Transparentes Vinyl! Wow. Sieht aus, wie ne plattgepresste Tupperdose diese neue Scheibe von 100 Kilo Herz. Leider außen cellophaniert...das' nich' gut für die Umwelt! Stadt Land Flucht is'n Hammer-Album-Titel, zumal das auch inhaltlich ein paar Mal auftaucht. Fettes Klappcover, da siehste dann erstmal ein riesen Bild von der Band, die im Staub steht. Soll'n se wenn se dat woll'n. Früher mochte ich das immer voll, wenn die Bands auf den Alben in allen möglichen Posen zu sehen war, heute finde ich das eher so...naja...Aber definitiv ist das Layout schon mal sehr ansprechend. Alle Texte dabei. Knorke! Ruff uff'n Plattenteller damit und die Ohren gespitzt!

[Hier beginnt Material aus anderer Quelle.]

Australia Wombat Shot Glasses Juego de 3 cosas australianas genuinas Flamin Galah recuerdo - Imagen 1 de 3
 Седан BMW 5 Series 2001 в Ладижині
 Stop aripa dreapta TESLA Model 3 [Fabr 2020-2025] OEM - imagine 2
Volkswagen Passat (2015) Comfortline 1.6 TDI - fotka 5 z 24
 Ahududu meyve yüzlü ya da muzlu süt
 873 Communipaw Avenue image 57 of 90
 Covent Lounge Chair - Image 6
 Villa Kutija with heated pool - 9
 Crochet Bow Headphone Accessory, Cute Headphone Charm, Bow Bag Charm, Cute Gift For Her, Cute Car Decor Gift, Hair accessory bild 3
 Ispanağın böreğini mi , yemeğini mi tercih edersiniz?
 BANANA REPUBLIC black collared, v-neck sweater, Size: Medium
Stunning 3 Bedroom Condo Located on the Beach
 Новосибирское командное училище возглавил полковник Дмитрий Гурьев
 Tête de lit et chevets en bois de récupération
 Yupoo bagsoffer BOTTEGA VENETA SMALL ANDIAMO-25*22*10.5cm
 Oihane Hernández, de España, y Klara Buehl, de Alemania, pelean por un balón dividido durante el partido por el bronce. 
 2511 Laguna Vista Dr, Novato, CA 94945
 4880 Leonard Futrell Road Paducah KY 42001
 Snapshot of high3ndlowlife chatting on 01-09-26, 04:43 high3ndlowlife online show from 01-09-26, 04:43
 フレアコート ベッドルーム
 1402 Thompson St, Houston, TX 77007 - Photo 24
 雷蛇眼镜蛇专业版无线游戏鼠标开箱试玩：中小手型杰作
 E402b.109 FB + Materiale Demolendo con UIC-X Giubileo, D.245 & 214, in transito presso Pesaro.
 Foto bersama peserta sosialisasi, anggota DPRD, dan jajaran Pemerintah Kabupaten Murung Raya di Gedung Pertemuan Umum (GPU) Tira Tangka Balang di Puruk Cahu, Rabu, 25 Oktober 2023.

Da denkste fast, du hast die erste Platte von Rantanplan aufgelegt, wenn du so'n älterer Herr wie icke bist. Für mich sind das freudige Erinnerungen an die 1990er-Jahre. "Kein Schulterklopfen" war damals Bombe und lief bei uns in Dauerschleife. Außerdem war Marcus Wiebusch bei den ersten beiden Alben noch einer der beiden Sänger und von dem ist bei 100 Kilo Herz dann auch öfter mal die Rede.
-Drei Jahre ausgebrannt-
Gleich mit dem ersten Song wird klar, dass hier einer singt, der was erlebt hat. Das Kunststück, das Rodi gelingt, ist, dass dieser Song zwar zutiefst persönlich wirkt, er und die Band ihn aber so gut verarbeitet haben, dass der Track diese fröhlich-bittere Tanzbarkeit ausstrahlt. Und das berührt, weil da einer nicht nur von sich singt, sondern auch von dir. Und genau diese Brücke muss ein guter Song schlagen, sonst ist das nur Jammern mit Musik. Der Text ist düster, kotzt sich aber direkt hübsch aus.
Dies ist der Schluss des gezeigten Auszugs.